使用CLI从Hadoop访问Hadoop的Azure ADLS Gen 2

发布于 2025-02-01 02:10:09 字数 1924 浏览 5 评论 0原文

我基本上想使用hadoop fs -ls从独立的本地Cloudera群集中列出ADLS Gen 2容器下的文件。但是，我遇到了此错误：

命令从bash：

hadoop fs -Dfs.azure.account.key.accountName.dfs.core.windows.net="accessKey" -Dfs.azure.createRemoteFileSystemDuringInitialization=true -ls abfss://[email protected]/

错误：

WARN fs.FileSystem: Failed to initialize fileystem abfss://[email protected]/:Invalid configuration value detected for fs.azure.account.key ls: Invalid configuration value detected for fs.azure.account.key

然后，我通过配置：

sc._jsc.hadoopConfiguration().set('fs.azure.account.auth.type.accountName.dfs.core.windows.net','SharedKey')
sc._jsc.hadoopConfiguration().set('fs.azure.account.key.accountName.core.windows.net','accessKey')
sc._jsc.hadoopConfiguration().set('fs.abfss.impl','org.apache.hadoop.fs.azurebfs.SecureAzureBlobFileSystem')

spark shell的错误：

WARN fs.FileSystem: Failed to initialize fileystem abfss://[email protected]/: Configuration property accountName.dfs.core.windows.net not found

注意：

pyspark read和在设置Spark Conf（）之后，写信给此ADLSGEN2容器正常工作。问题只有当我使用-fs命令尝试时，我最终也想与pyspark一起使用distcpy（）。
我没有在core site.xml上配置任何内容。相反，我想在程序或脚本上下文中独立传递所有键，参数和任何设置，甚至在bash上。寻找符合此标准的解决方案。
另外，由于我只是在运行POC，因此不要为此使用OAuth。目前，我只想使用共享键进行测试检查。

有人可以帮我在这里确定这个问题吗？

原文

I basically want to list files under an ADLS Gen 2 Container using hadoop fs -ls from a standalone on-prem Cloudera Cluster.
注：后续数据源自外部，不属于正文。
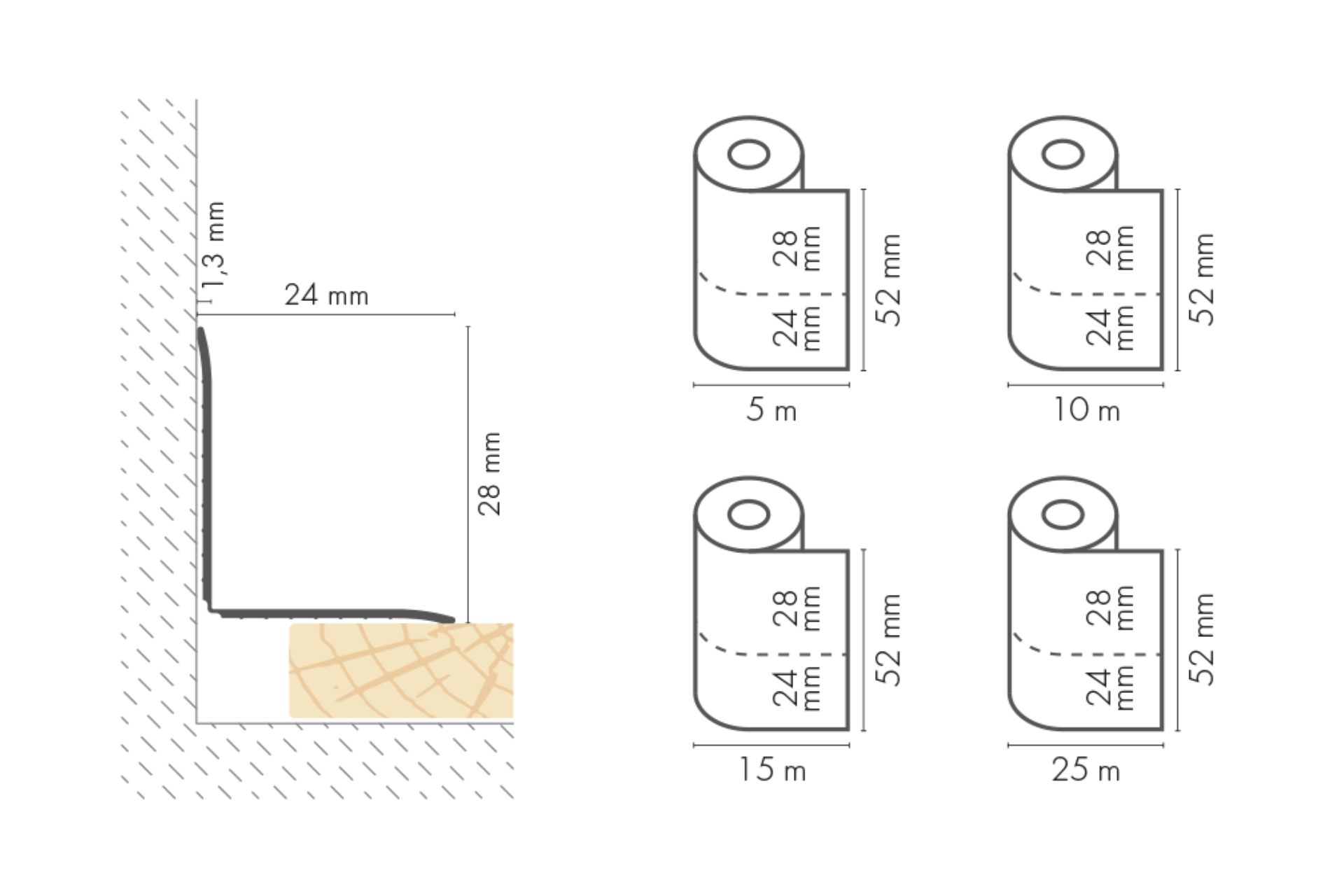 Taśma przypodłogowa PVC 24x28mm Cezar Dąb Naturalny Mat 5m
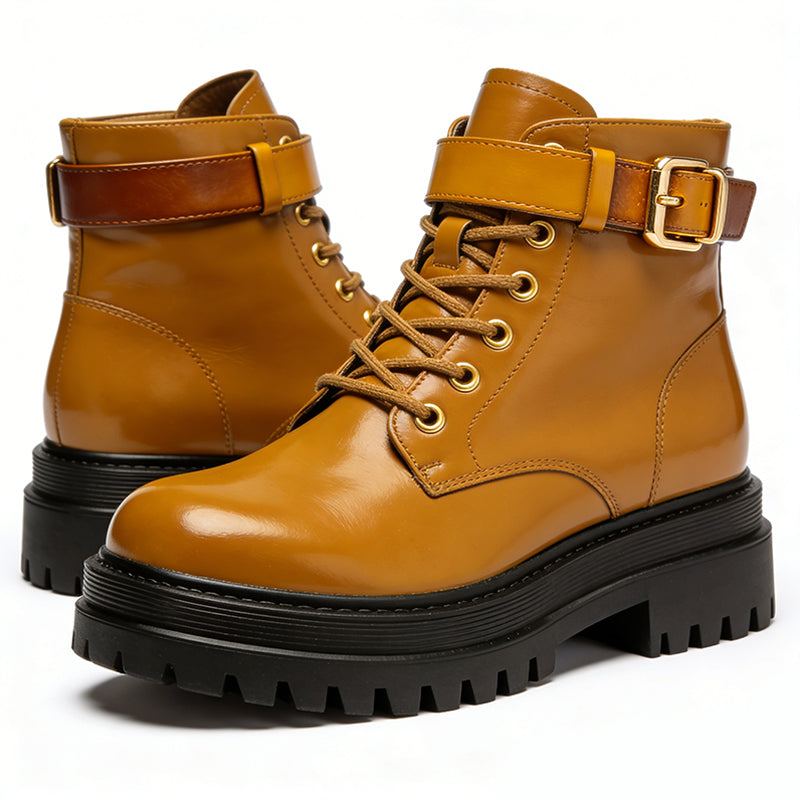 Retro Style Casual Lace Up Women's Ankle Boots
However I am getting this error:

Command ran from bash:

hadoop fs -Dfs.azure.account.key.accountName.dfs.core.windows.net="accessKey" -Dfs.azure.createRemoteFileSystemDuringInitialization=true -ls abfss://[email protected]/

Error:

WARN fs.FileSystem: Failed to initialize fileystem abfss://[email protected]/:Invalid configuration value detected for fs.azure.account.key ls: Invalid configuration value detected for fs.azure.account.key

Then, I ran this same fs -ls command from within a spark program by configuring:

sc._jsc.hadoopConfiguration().set('fs.azure.account.auth.type.accountName.dfs.core.windows.net','SharedKey')
sc._jsc.hadoopConfiguration().set('fs.azure.account.key.accountName.core.windows.net','accessKey')
sc._jsc.hadoopConfiguration().set('fs.abfss.impl','org.apache.hadoop.fs.azurebfs.SecureAzureBlobFileSystem')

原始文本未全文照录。